● **SOURCE MATERIAL**:
________________________

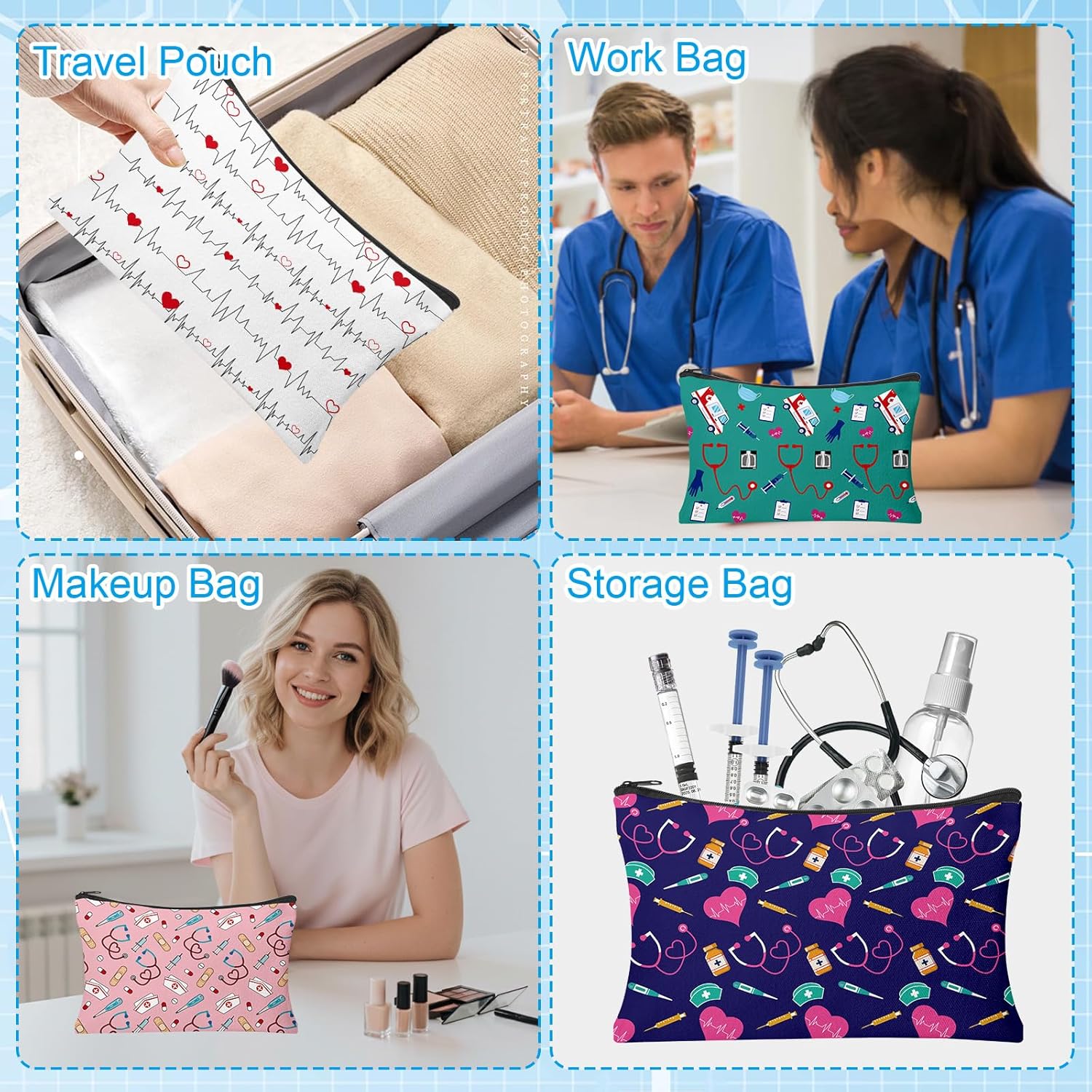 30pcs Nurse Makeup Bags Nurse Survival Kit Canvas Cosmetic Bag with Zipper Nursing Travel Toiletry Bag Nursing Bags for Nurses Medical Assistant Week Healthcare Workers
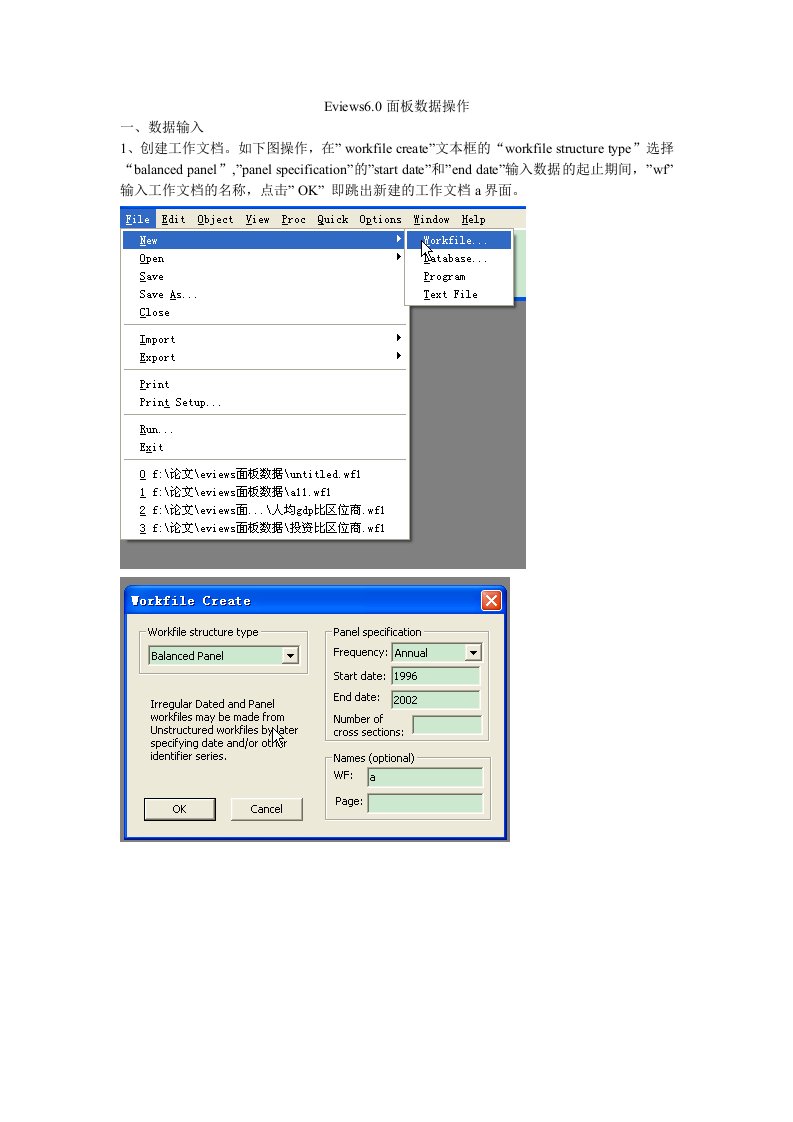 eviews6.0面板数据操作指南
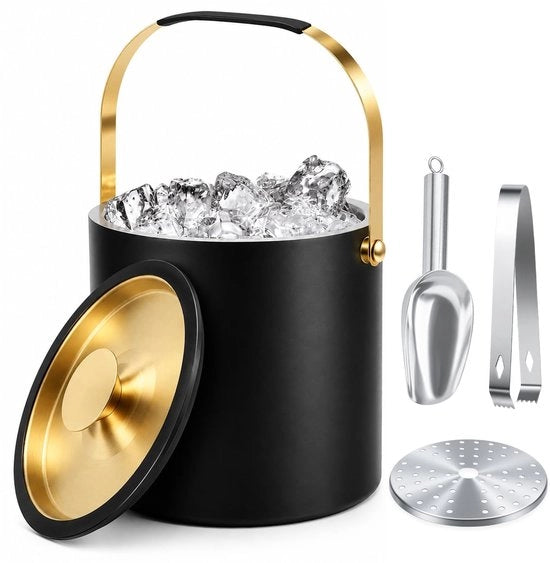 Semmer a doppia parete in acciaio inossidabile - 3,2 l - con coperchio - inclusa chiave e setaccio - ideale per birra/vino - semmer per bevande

________________________

● **WHAT THE TASK REQUIRES**:
Ignore the images and quote every line of the listing exactly.

● **WRITTEN RESPONSE**:
 30pcs Nurse Makeup Bags Nurse Survival Kit Canvas Cosmetic Bag with Zipper Nursing Travel Toiletry Bag Nursing Bags for Nurses Medical Assistant Week Healthcare Workers
 eviews6.0面板数据操作指南
 Semmer a doppia parete in acciaio inossidabile - 3,2 l - con coperchio - inclusa chiave e setaccio - ideale per birra/vino - semmer per bevande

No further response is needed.